Hanson noted that “most Obama foreign policy initiatives proved disappointments: reset with Vladimir Putin’s Russia, the bombing of Libya resulting in postwar chaos, the withdrawal of all U.S. peacekeepers from Iraq, the faux redlines with Syria, failed “strategic patience” with North Korea, writing off the ISIS terrorist caliphate as ‘Jayvees,’ and the expansion of Chinese bases into the South China Sea.


“At home, Obama was the first president in recent history never to have achieved three percent economic growth, as labor non-participation rose and median family incomes fell. The media largely ignored a series of scandals, as if investigating them might endanger the Obama progressive moment: the politicization of the IRS, FBI, and Justice Department; ICE reduced to de facto irrelevance; fraud at the VA; overreach at EPA; and incompetence at the Secret Service and GSA.”

Former speech writers Jon Favreau and Jon Lovett “joked on television how they had easily deluded the public on the downsides of Obamacare,” Hanson wrote. “Special adviser Jonathan Gruber laughed at the ‘stupidity of the American voter’ who was easily deceived by the administration and media about the nature of Obamacare.”

“Again, the common denominator was an expectation that the press was not a public watchdog but an enabler of the Obama agenda.”

Meanwhile, “Trump represents everything that the media despise: a crude reality-TV billionaire without military or political experience, whose orange skin, combed over dyed blond hair, sharp Queens accent, and confrontational attitude seemed vulgar and crass,” Hanson wrote.

“The nexus between beltway politics and the media, often cemented through marriages and familial relationships, recoiled that an outsider like Trump sought not just to overturn the Obama agenda but to do so unapologetically and with the same executive orders that Obama himself had bragged about in his ‘pen and phone’ ultimata to make laws without the help of the Congress.”

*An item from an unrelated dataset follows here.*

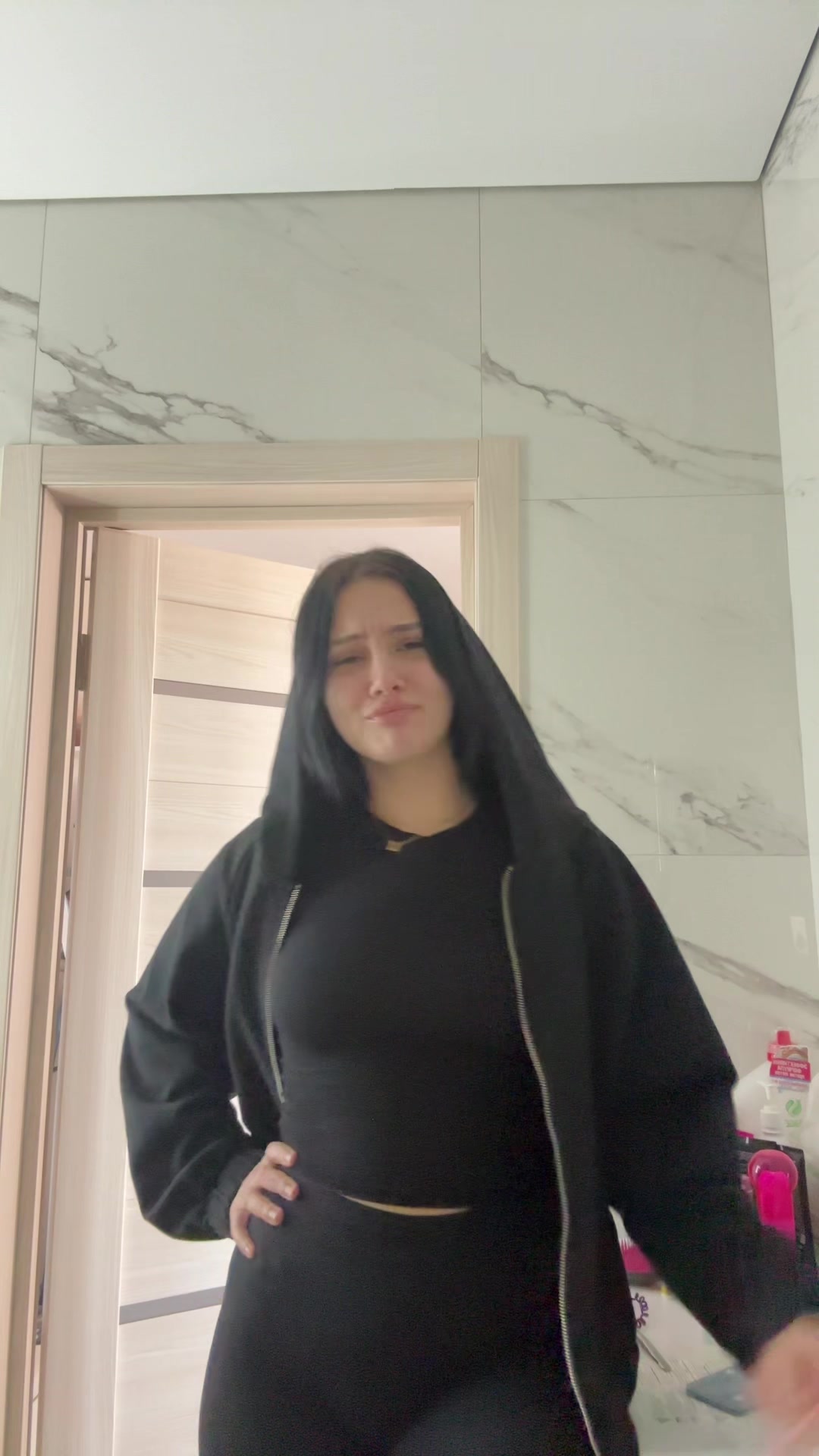@натутя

Trump also campaigned “on an us/them, red-state/blue-state dichotomy. He smashed the proverbial Democratic blue wall – a fact that caused great unease to liberal journalists who sensed that half the country found their coastal progressive culture not just foreign but apparently hypocritical and elitist.”

In addition, “the current generation of marquee reporters was schooled at the major journalism schools by veterans of the 1960s, when the ‘new’ journalism saw progressive political activism – opposition to the Vietnam War and the promotion of civil rights, feminism, and environmentalism – as the proper counterweight to traditional and supposedly regressive American values.

“Postmodernism – the theory that there are no absolute facts or eternal truths, only interpretations based on power machinations – seeped out from university English departments into the larger elite culture. Such relativism may explain the epidemic of fake news accounts and plagiarism as alternative ‘narratives’ rather than simple untruths. Buzzfeed, for example, published the infamous fake Steele file, a lurid dossier of oppositional research against the Trump campaign, even though it admitted it could not confirm the veracity of the salacious accusations against Trump. But who was to say that the accusations were any more true or false than any other? In such anything-goes fashion, Politico’s Julia Joffe channeled the vulgarity of television celebrities like Steven Colbert and Bill Maher in suggesting an incestuous relationship between the president and his daughter.”

Trump “was neither shy nor decorous in punching back, ridiculing the appearance of on-air talking heads, relegating them to back of the room slots at press conferences, and going over the head of the media through often crude ad hominem tweets,” Hanson wrote. “Although polls (whose reliability remains questionable after the 2016 election) rarely showed figures higher than forty percent for Trump, the media is held in even less regard, with about two-thirds of those polled expressing their disapproval of journalists.

“If the media became unhinged in the adulatory Obama years through hubris, it might have earned back its respect and professionalism by covering Trump in even-handed fashion.”

But that has not happened, Hanson concluded: “Arrogance plays a role: the media feel that they displayed power in getting Obama elected and now they wager that they can also ensure Trump’s defeat, or at least derail his presidency.”